Ringo Rag Company Executive Summary
Ringo Rag Company Executive Summary
I. Situation Summary
The Ringo Rag Company ( Ringo ) purchases rags from multiple sources and recycles them into smaller clean handy rags in a continuous process. Ringo s obtains its raw materials from three suppliers: junk dealers, textile convertors, and laundries. Ringo uses a standardized manufacturing process for the old rags that includes washing and drying, inspecting and grading, cutting, and packaging. Although Ringo uses a standardized manufacturing process, rags obtained from the laundries forego the washing and drying process. Additionally, Ringo only cuts and packages rags obtained from textile convertors because they come cleaned and graded. The new rags receive one of three grades, A, B, or C, with A being the best grade, based on the rags absorption ability. Ringo packages them according to their grade into 5, 10, 20 and 50-pound cartons.

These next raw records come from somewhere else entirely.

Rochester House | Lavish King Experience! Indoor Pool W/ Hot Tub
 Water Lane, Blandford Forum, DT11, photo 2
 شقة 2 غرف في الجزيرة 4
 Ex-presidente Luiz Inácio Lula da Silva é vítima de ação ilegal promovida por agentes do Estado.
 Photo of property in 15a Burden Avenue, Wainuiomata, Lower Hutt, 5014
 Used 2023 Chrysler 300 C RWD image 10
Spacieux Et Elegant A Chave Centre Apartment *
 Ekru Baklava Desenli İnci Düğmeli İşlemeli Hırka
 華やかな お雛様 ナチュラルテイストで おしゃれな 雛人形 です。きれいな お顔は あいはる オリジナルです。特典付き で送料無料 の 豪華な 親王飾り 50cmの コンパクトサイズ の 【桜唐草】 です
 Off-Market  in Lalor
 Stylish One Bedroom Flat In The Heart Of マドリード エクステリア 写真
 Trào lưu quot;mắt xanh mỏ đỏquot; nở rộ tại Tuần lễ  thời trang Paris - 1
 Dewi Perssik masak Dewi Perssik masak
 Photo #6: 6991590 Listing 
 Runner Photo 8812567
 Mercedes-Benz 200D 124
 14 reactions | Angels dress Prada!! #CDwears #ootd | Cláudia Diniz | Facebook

The purpose of this report is to analyze the cost of manufacturing three different grades of rags from three different suppliers. This report will analyze the different manufacturing costs associated with each supplier. Additionally, the report will discuss various issues Ringo faces in determining its actual manufacturing cost. Finally, the report will provide multiple recommendations that Ringo can implement to increase profits.
II. Core Problems
A. Sales Mix
Ringo cannot properly price its cartons because Ringo only tracks monthly sales by grade as opposed to tracking the percent of sales by carton size. Without tracking the percentage of sales of the 5lb, 10lb, 20lb, and 50lb cartons, Ringo is unable to calculate the sales dollars per pound and the contribution margin by product. For example, the 5lb cartons have a higher contribution margin than the larger size cartons. (See Exhibit I) Thus, if Ringo sells more 5lb cartons, they will increase their net sales and profits. Without knowing the percentage of sales based on carton size, Ringo is cannot properly price the cartons. Accordingly, tracking and identifying the percentage of sales by carton size is crucial for Ringo to increase its profitability.
B. Labor Hours
Ringo cannot accurately determine the cost of manufacturing because its current labor expenses are inaccurate. Ringo employs five (5) women at $1.10 an hour. The prior month’s time cards show the women spend 1,000 hours grading, 3,000 hours cutting, and 600 hours packing. Thus, the total amount of time recorded for the women was 4,600 hours. At this rate, each women would have to work 920 hours, which equates to 29.6 hours a day assuming a thirty-one (31) day month. Without having accurate labor costs, it is difficult for Ringo to determine the cost associated to each manufacturing department.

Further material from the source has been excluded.